The restaurant where he works is a great one, one of those places that serves “simple, rustic” food as only a city in the first world imagines simple, rustic food, meaning that all the vegetables are still diced to uniform size and all the stocks and sauces are made and remade until the flavor notes are just right. But here we are, cooking really simple food, and I imagined that his French chefs in culinary school would have taken issue with the bits of filling that peeked out from their encasements. I pointed them out, but Kevin shrugged and said, “Don’t sweat it. This is a pretty utilitarian cuisine.”
Which is not to say that he doesn’t respect it … or didn’t come to respect it, anyway.
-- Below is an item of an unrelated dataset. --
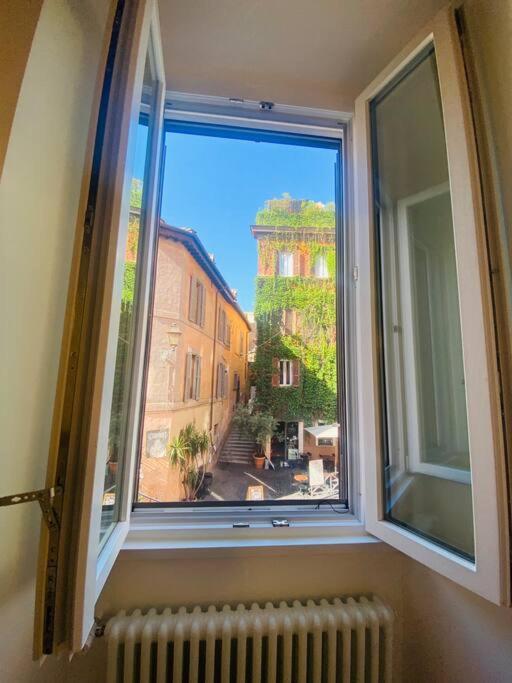 Holiday home Casa Titti A Trastevere *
“When I first got there, I thought I didn’t want to eat Russian food. It was too much — soup with a layer of oil floating on top. I actually liked it, and I know they were being generous, but I just couldn’t eat that way and have my weight stay under three bills. And there was an influx of crappy Western goods. Lots of ‘sausages,’ that I knew were cheap hot dogs. They took rye bread, edam-style cheese and ketchup and toast it, and they were like, ‘Pizza! It’s like America!’”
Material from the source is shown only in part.